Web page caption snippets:
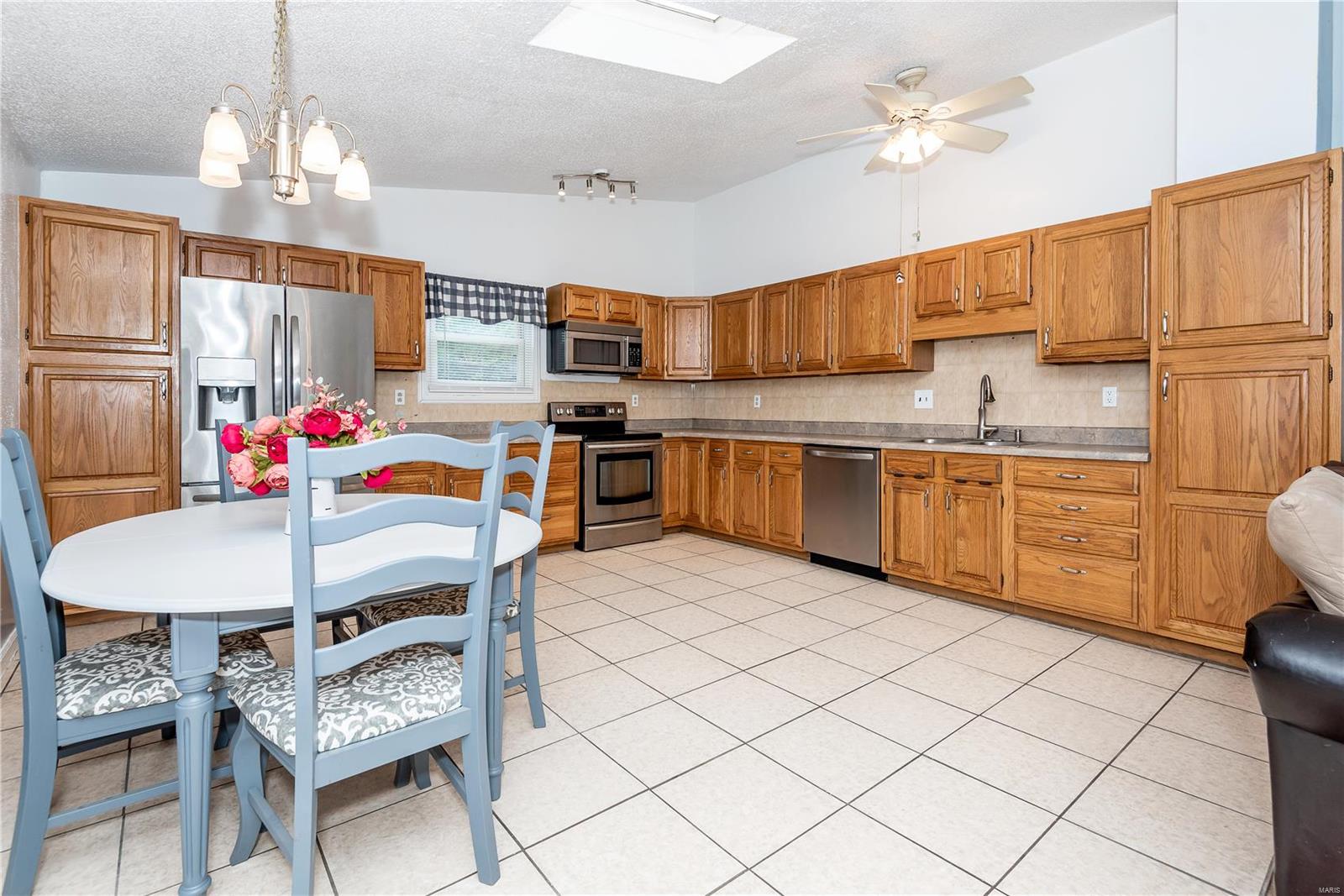 9457 Harold Drive St. Louis, MO 63134 - Photo 17 of 39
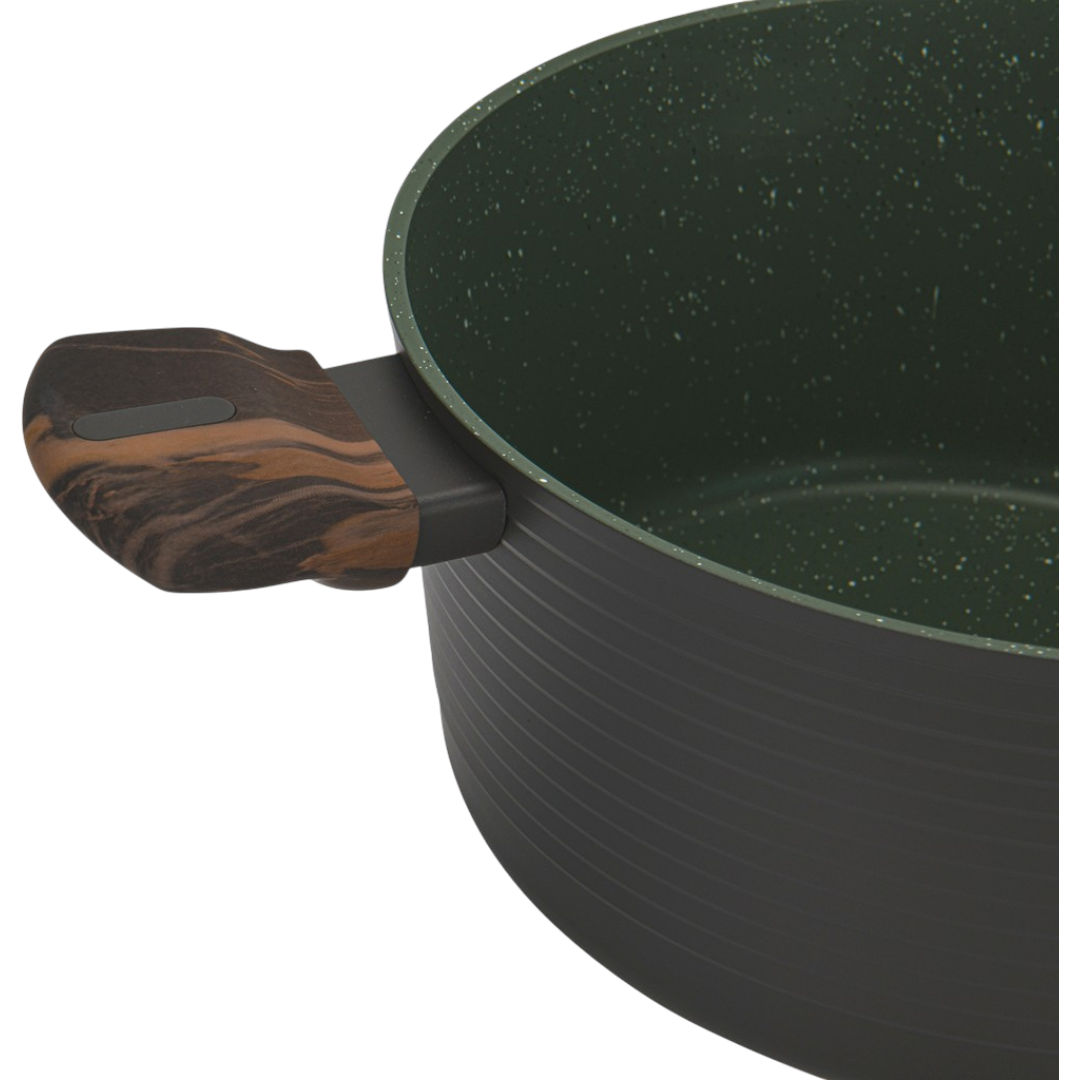 https://storage.alifshop.tj/media/images/alifshop/70239/kastryulya-fissman-cuisine-14594-28-sm-7-1-l-chernyy-1792404781778-oCDlGguL.png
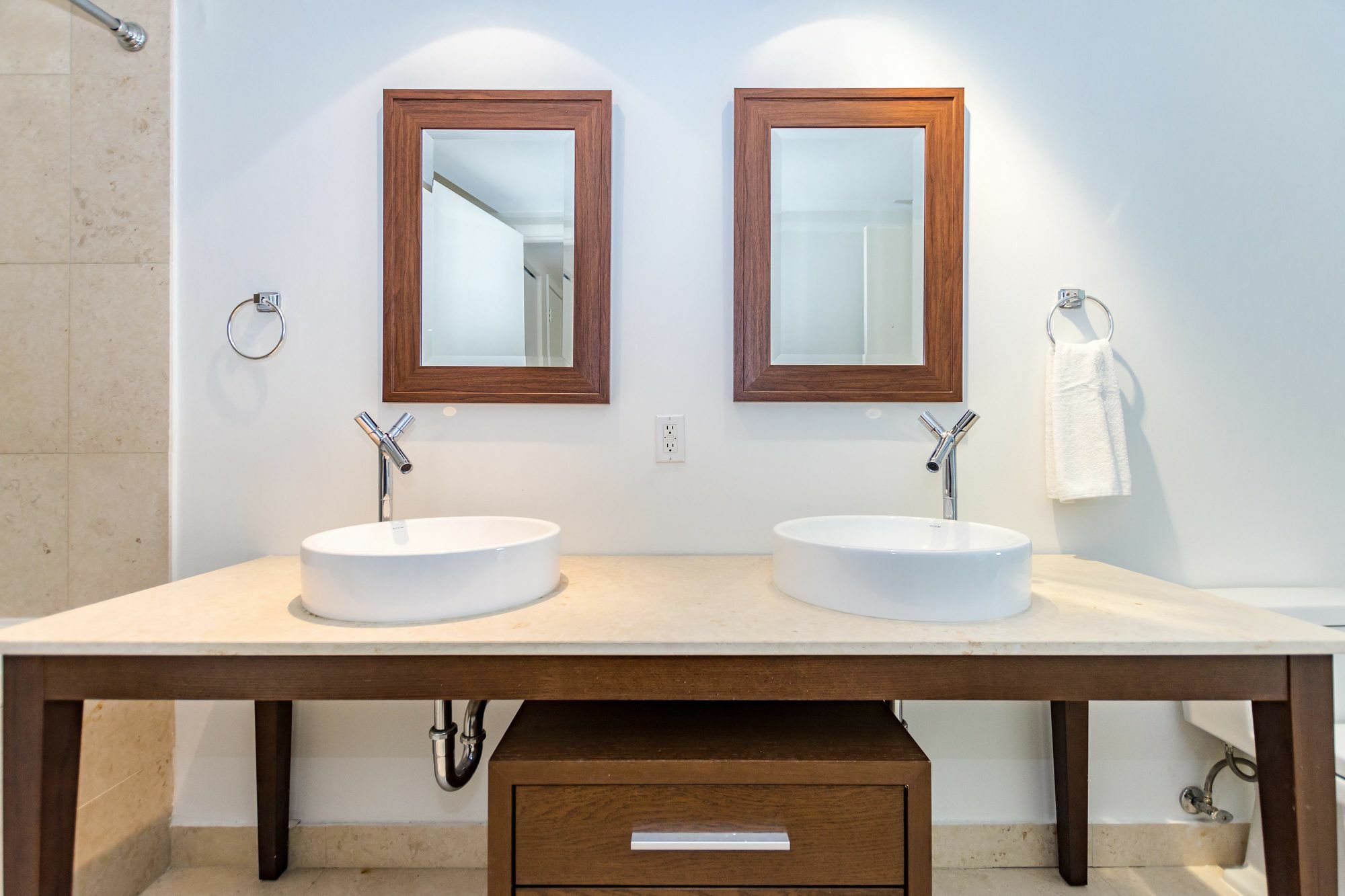 Icon By Design Miami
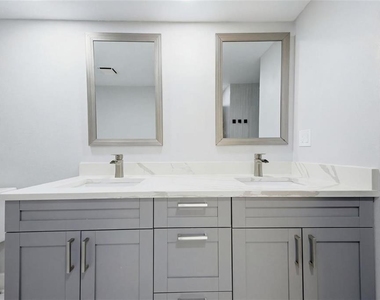 4141 Bayshore Boulevard - Photo Thumbnail 16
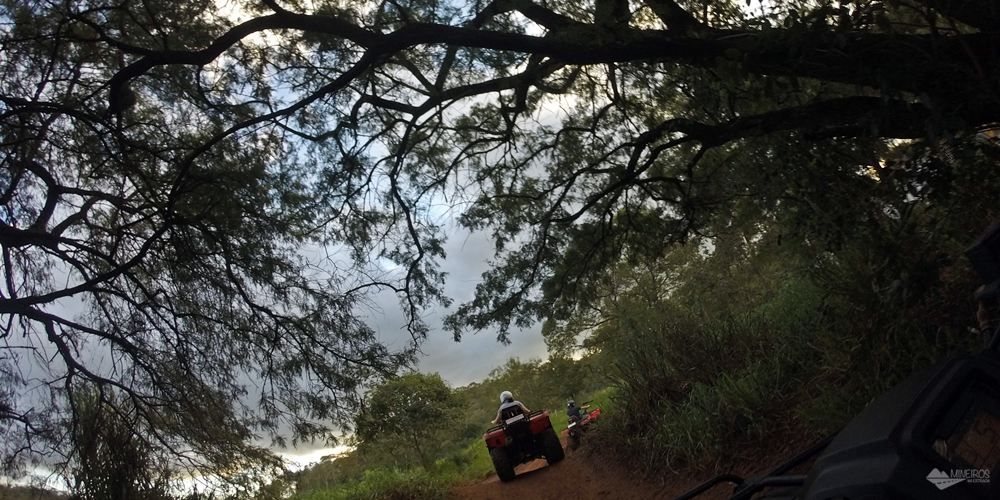 Atividade radical em Bonito (MS): passeio de quadriciclo na Trilha Boiadeira. O percurso tem, aproximadamente, 7 km, com subidas, trilhas estreitas, quebra-molas, buracos, lama e poeira!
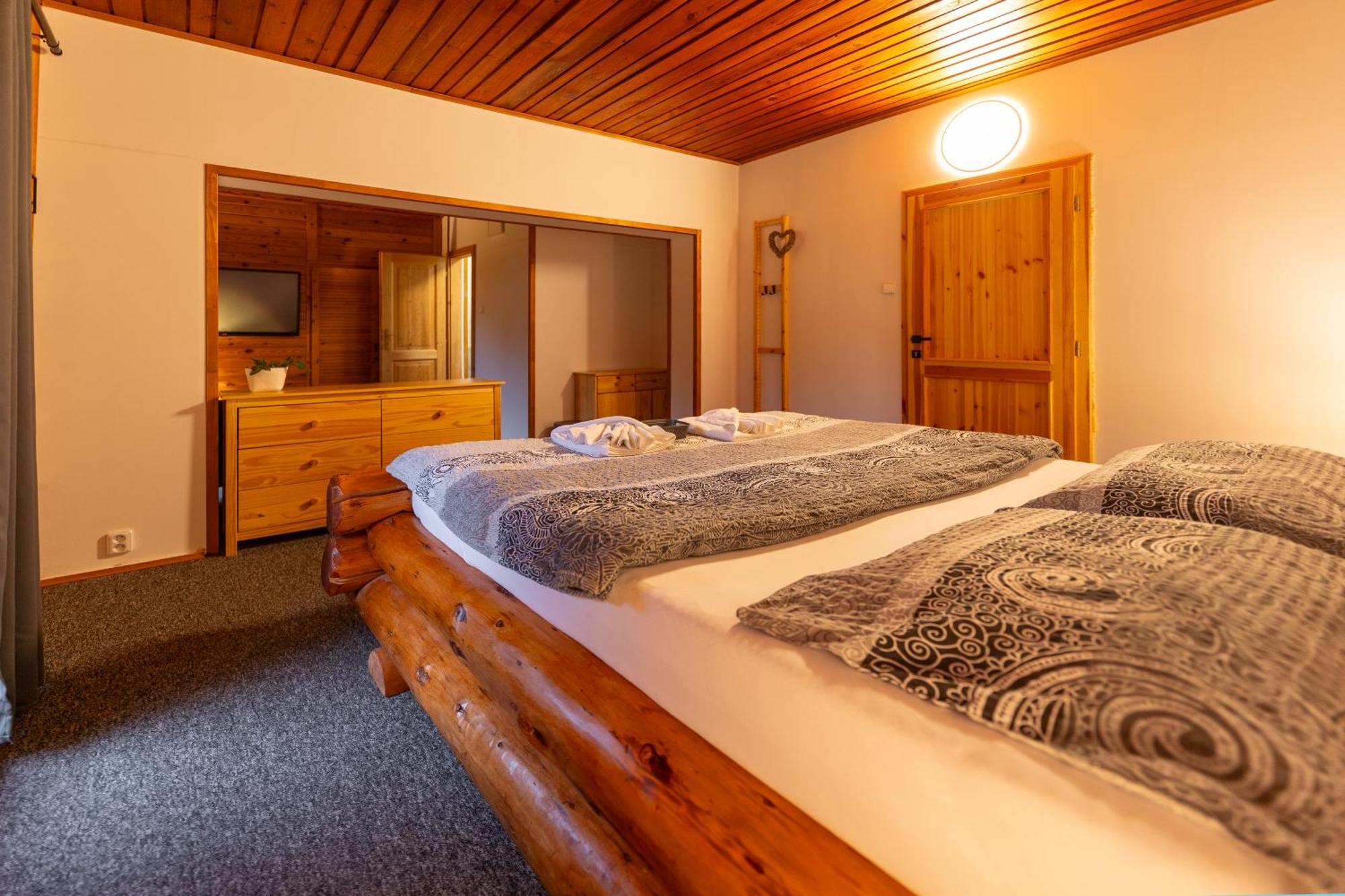 Komorní Lhotka Wellness Pension Koliba חדר תמונה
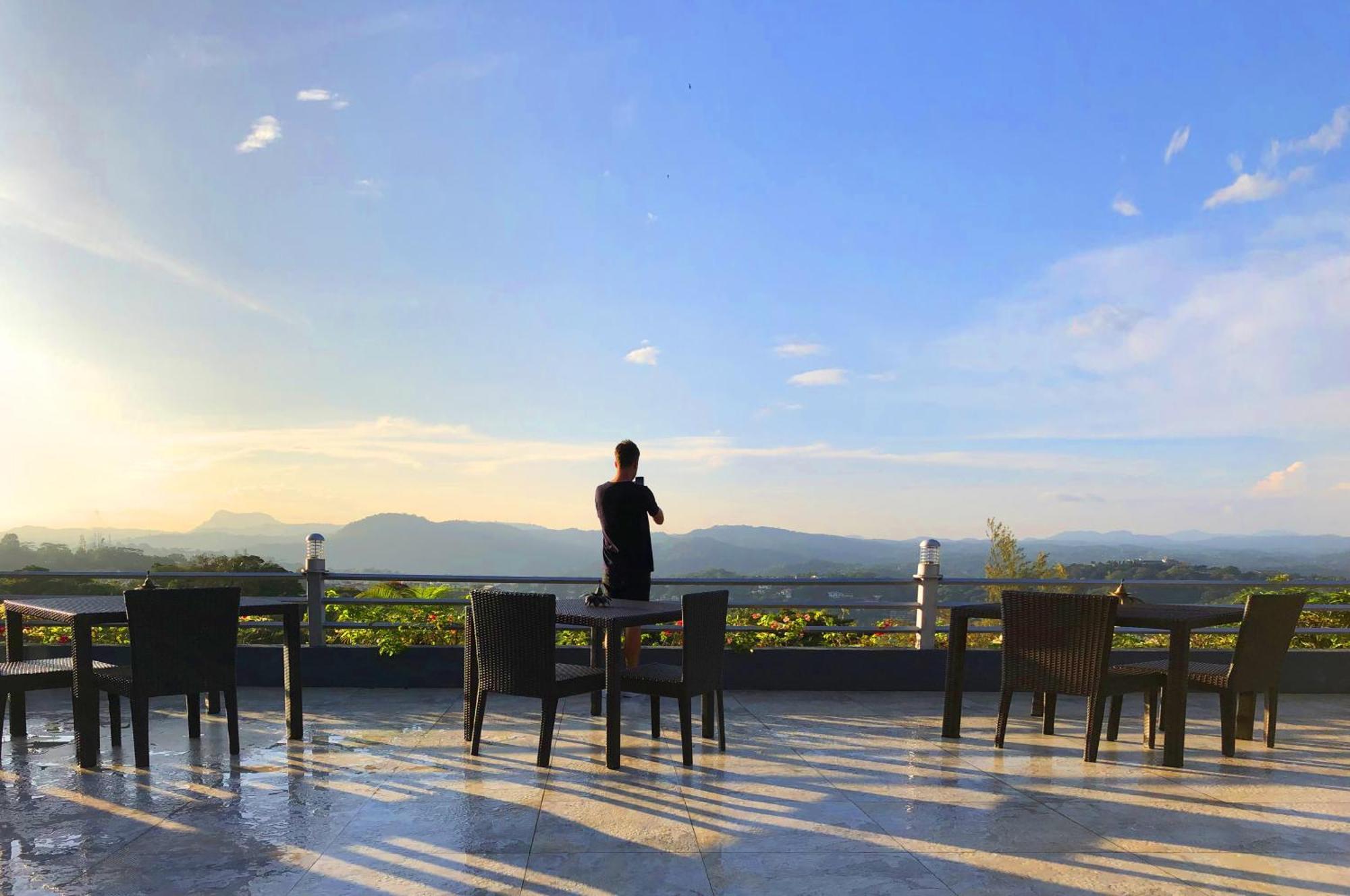 The Theva Residency Hotel Канди Екстериор снимка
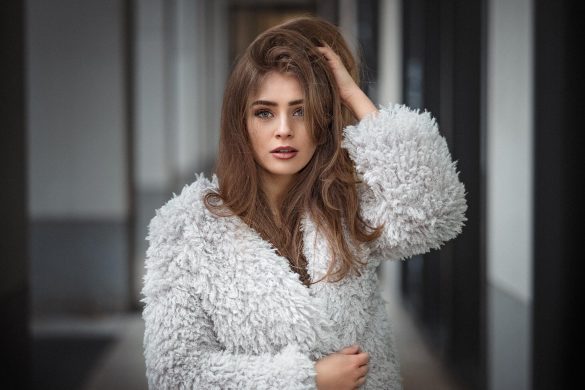 Девушка в вязаной шубе фото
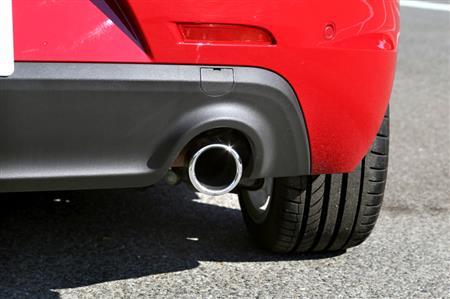 アルファロメオ「ジュリエッタ」のマフラー。ＱＶは２本出しだ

PROBLEM DETAILS: Print the data above in full and exactly as it appears, skipping the pictures.

ANSWER SPACE:
 9457 Harold Drive St. Louis, MO 63134 - Photo 17 of 39
 https://storage.alifshop.tj/media/images/alifshop/70239/kastryulya-fissman-cuisine-14594-28-sm-7-1-l-chernyy-1792404781778-oCDlGguL.png
 Icon By Design Miami
 4141 Bayshore Boulevard - Photo Thumbnail 16
 Atividade radical em Bonito (MS): passeio de quadriciclo na Trilha Boiadeira. O percurso tem, aproximadamente, 7 km, com subidas, trilhas estreitas, quebra-molas, buracos, lama e poeira!
 Komorní Lhotka Wellness Pension Koliba חדר תמונה
 The Theva Residency Hotel Канди Екстериор снимка
 Девушка в вязаной шубе фото
 アルファロメオ「ジュリエッタ」のマフラー。ＱＶは２本出しだ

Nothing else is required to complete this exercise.